* _REQUIREMENT_
Using the material below, print a verbatim copy of every line from the one containing "Rear view of" through the one containing "Ein kleines Mädchen", inclusive, and omit the pictures.

* _RECORDS FOR THE TASK_
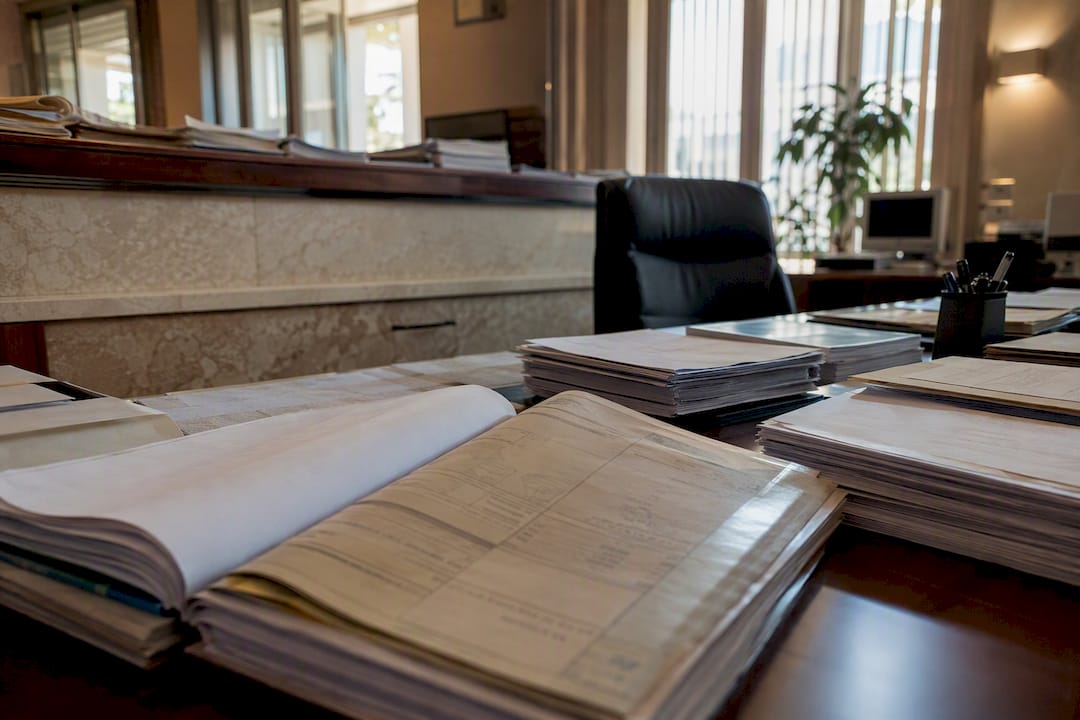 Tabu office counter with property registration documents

* * *

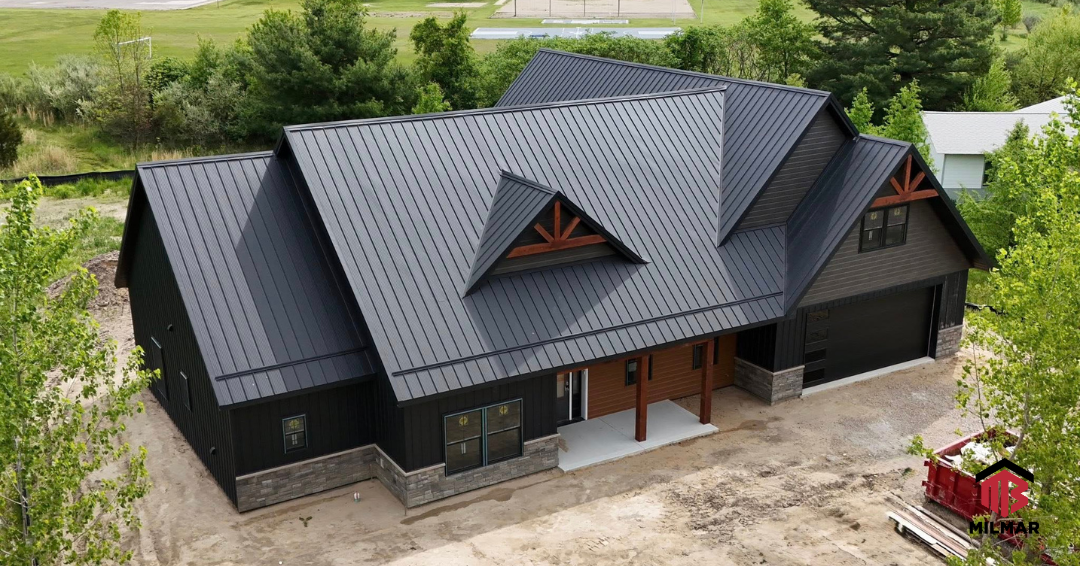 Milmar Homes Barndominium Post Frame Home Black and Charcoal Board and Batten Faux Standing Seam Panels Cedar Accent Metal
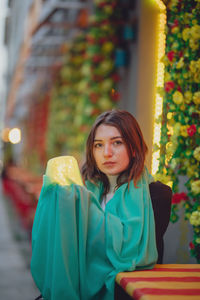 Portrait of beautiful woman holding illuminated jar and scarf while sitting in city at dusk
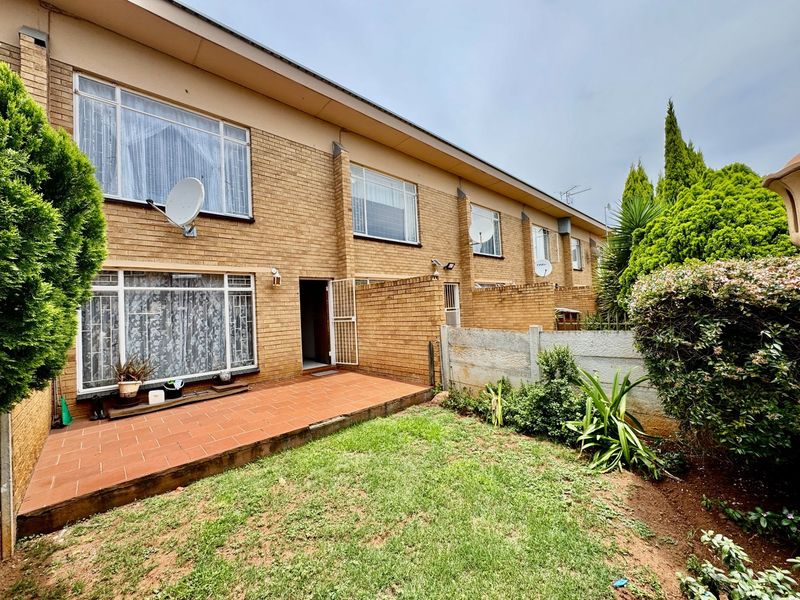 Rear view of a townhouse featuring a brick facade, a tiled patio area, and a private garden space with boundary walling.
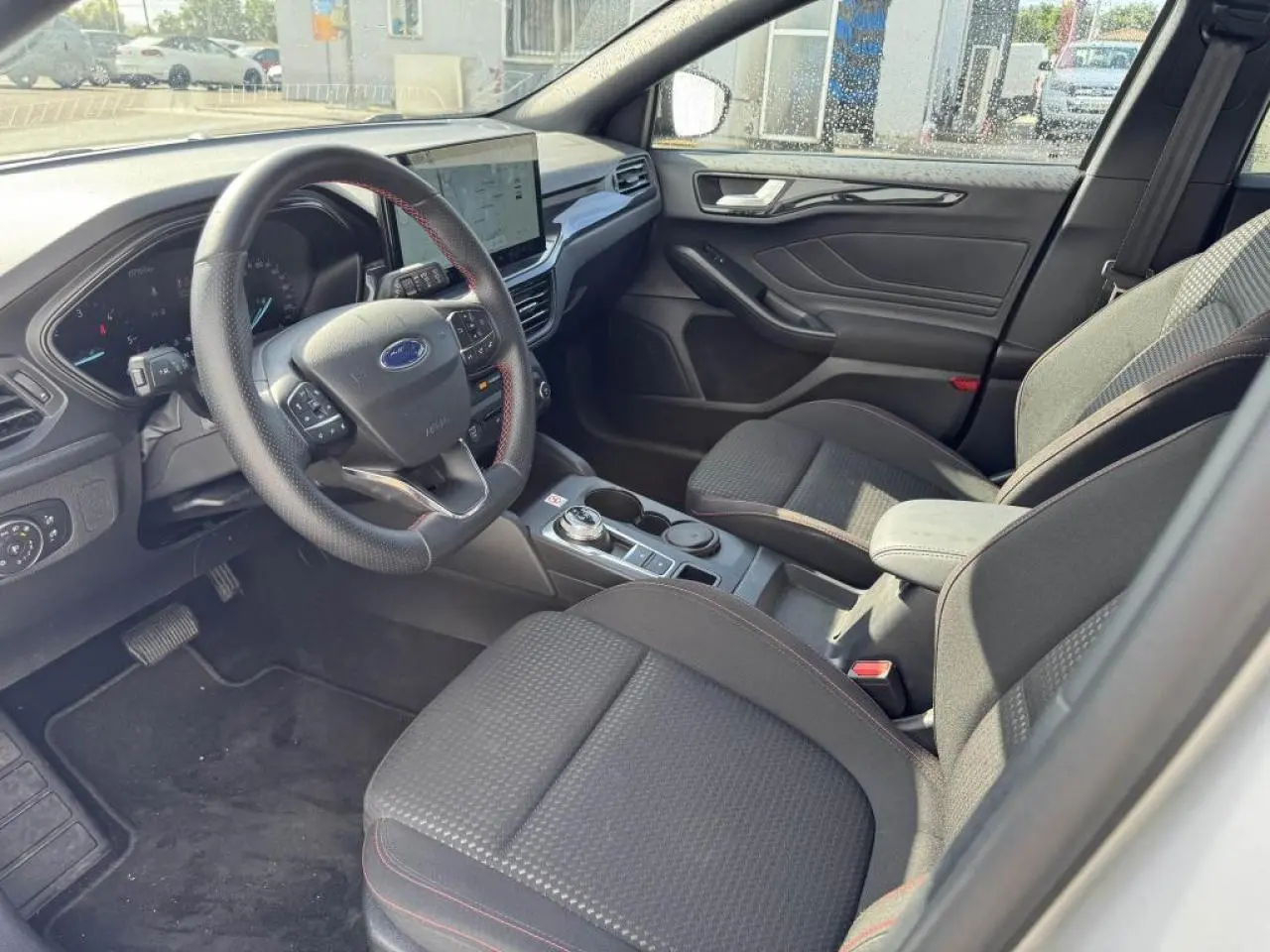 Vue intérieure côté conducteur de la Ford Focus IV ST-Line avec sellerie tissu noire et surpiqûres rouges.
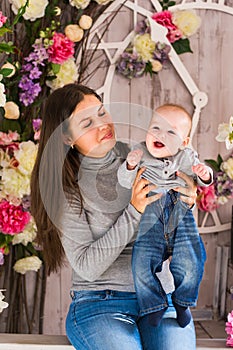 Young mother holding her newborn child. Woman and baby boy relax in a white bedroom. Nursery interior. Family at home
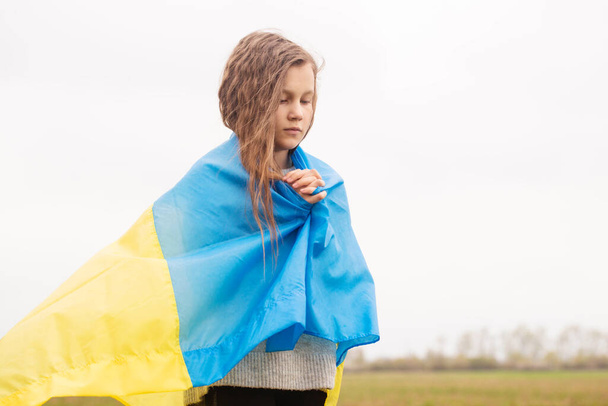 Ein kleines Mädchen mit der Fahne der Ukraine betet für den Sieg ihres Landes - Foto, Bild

* _WRITTEN ANSWER_
 Rear view of a townhouse featuring a brick facade, a tiled patio area, and a private garden space with boundary walling.
 Vue intérieure côté conducteur de la Ford Focus IV ST-Line avec sellerie tissu noire et surpiqûres rouges.
 Young mother holding her newborn child. Woman and baby boy relax in a white bedroom. Nursery interior. Family at home
 Ein kleines Mädchen mit der Fahne der Ukraine betet für den Sieg ihres Landes - Foto, Bild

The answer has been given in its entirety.